Your objective>
Your output should be the entries below, from the first line up to and including the line with "Foto del edificio - 229 N Weststone Blvd", reproduced exactly and with no other lines.

Input data>
----
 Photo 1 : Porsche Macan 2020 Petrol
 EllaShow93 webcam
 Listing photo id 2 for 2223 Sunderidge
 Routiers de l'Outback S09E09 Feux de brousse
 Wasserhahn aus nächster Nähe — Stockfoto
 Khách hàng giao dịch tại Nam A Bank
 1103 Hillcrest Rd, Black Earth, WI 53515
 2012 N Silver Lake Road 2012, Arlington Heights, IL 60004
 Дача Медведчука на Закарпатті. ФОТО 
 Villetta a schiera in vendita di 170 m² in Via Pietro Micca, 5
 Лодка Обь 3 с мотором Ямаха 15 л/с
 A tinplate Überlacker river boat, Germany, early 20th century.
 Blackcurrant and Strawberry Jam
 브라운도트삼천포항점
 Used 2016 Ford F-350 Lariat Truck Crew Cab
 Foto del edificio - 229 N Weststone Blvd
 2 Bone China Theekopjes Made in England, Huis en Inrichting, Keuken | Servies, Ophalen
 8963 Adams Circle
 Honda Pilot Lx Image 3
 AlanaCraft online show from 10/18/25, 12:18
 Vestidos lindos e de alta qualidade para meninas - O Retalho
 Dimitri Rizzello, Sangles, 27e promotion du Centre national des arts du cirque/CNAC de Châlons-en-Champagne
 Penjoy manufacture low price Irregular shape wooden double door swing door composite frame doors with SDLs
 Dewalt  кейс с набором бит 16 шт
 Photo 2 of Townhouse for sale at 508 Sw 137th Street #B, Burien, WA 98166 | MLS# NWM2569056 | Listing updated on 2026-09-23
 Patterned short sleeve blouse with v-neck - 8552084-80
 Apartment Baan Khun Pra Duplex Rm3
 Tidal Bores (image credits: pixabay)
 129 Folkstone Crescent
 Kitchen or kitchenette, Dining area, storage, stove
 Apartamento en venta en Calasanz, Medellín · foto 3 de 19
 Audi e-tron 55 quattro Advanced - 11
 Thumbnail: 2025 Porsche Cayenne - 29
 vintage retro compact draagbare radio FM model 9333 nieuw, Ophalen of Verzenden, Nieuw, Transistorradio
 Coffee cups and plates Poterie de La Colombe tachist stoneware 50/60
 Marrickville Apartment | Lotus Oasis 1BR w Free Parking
----
Result below>
 Photo 1 : Porsche Macan 2020 Petrol
 EllaShow93 webcam
 Listing photo id 2 for 2223 Sunderidge
 Routiers de l'Outback S09E09 Feux de brousse
 Wasserhahn aus nächster Nähe — Stockfoto
 Khách hàng giao dịch tại Nam A Bank
 1103 Hillcrest Rd, Black Earth, WI 53515
 2012 N Silver Lake Road 2012, Arlington Heights, IL 60004
 Дача Медведчука на Закарпатті. ФОТО 
 Villetta a schiera in vendita di 170 m² in Via Pietro Micca, 5
 Лодка Обь 3 с мотором Ямаха 15 л/с
 A tinplate Überlacker river boat, Germany, early 20th century.
 Blackcurrant and Strawberry Jam
 브라운도트삼천포항점
 Used 2016 Ford F-350 Lariat Truck Crew Cab
 Foto del edificio - 229 N Weststone Blvd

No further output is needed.